Being creative and working with multimedia has always been a passion of mine throughout my life. Here is the first instalment of a 3-part series which is a retrospective account of the ten most memorable highlights over the past three decades.
1986 – Creating Audio Plays with a Voice Recorder
When I was about six my dad who worked with typewriters and other office equipment at the time brought home a voice recorder and let us kids have a play with it. It being the 80s the simple recorder had a very limited recording time, but it did have a great feature – the option to adjust playback and recording speed. My friends and I had many hours of fun recording simple audio plays ranging from soccer game commentaries to an adventure story about chipmunks (the adjustable playback speed came in handy for fast high pitched voices) and some scary deep voiced stories with the speed setting set to slow.
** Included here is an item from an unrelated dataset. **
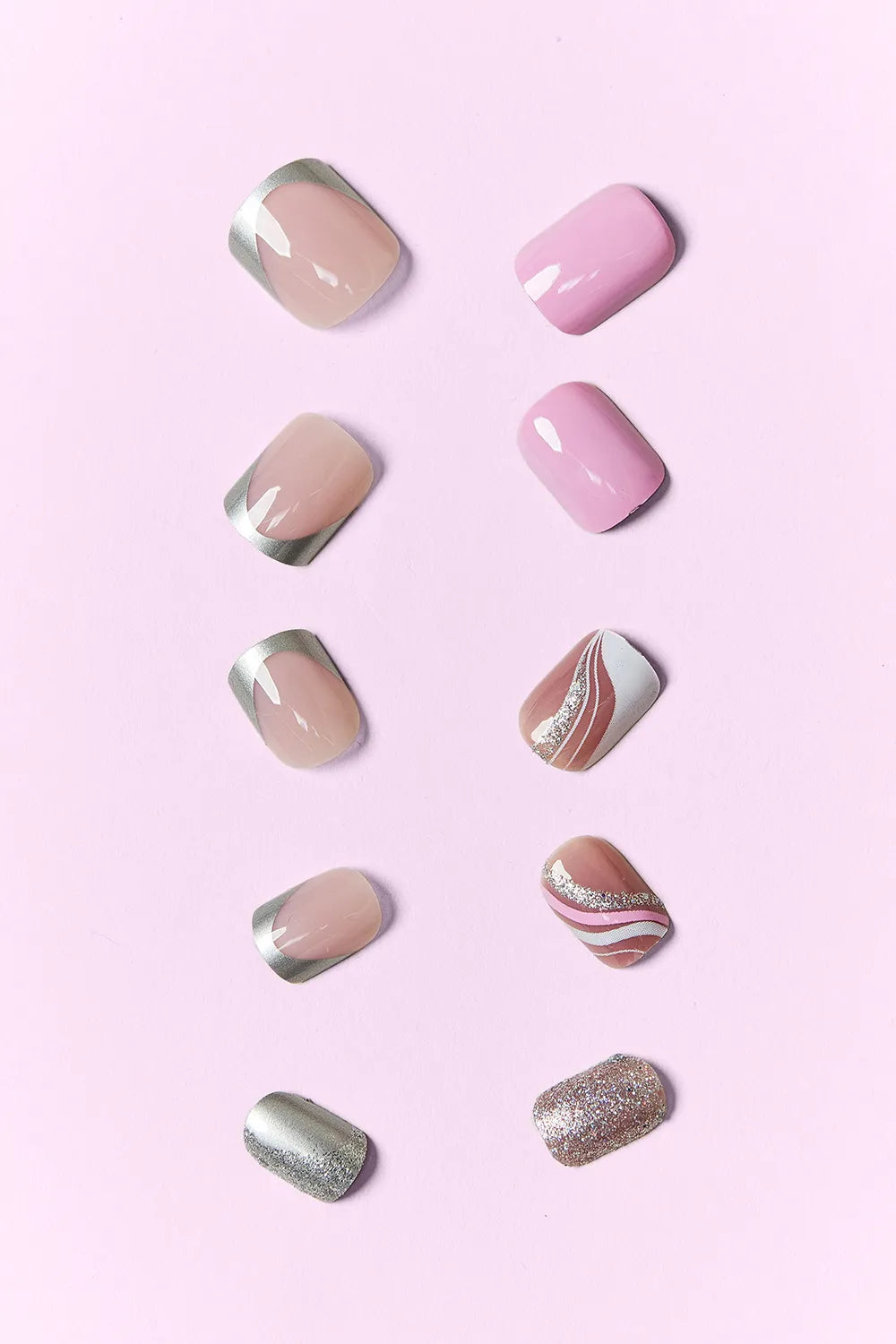 Trendsi SO PINK BEAUTY press-on nails in two packs, elegant pink design, one-size fit, perfect for quick stylish manicures.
Creating something out of nothing using our imagination – it was very cheap entertainment, yet priceless.
1994 – Editing Home Movies the ‘Old School’ Way
As you did in the 90s, our family ended up with countless hours of amateur boring home movie footage, mainly from holidays, shot on our very first VHS camcorder which had its own suitcase! Of course, TV and cinema played an important role in shaping a perspective of what a quality video production should look like, and our home movies were far from it, especially regarding entertainment value. Professional editing equipment was not available to us and too expensive. I am not sure if video editing software for computers was even invented yet. A low-tech, make-shift analogue video editing setup was assembled by utilising the available equipment: 2 VCRs, a CD player and an amplifier. It was simple, but it did the job! Through careful timing of pressing the right button at the right time, the interesting video footage could be cut together. The choice between the original sound or music from a CD added extra interest to the multimedia production.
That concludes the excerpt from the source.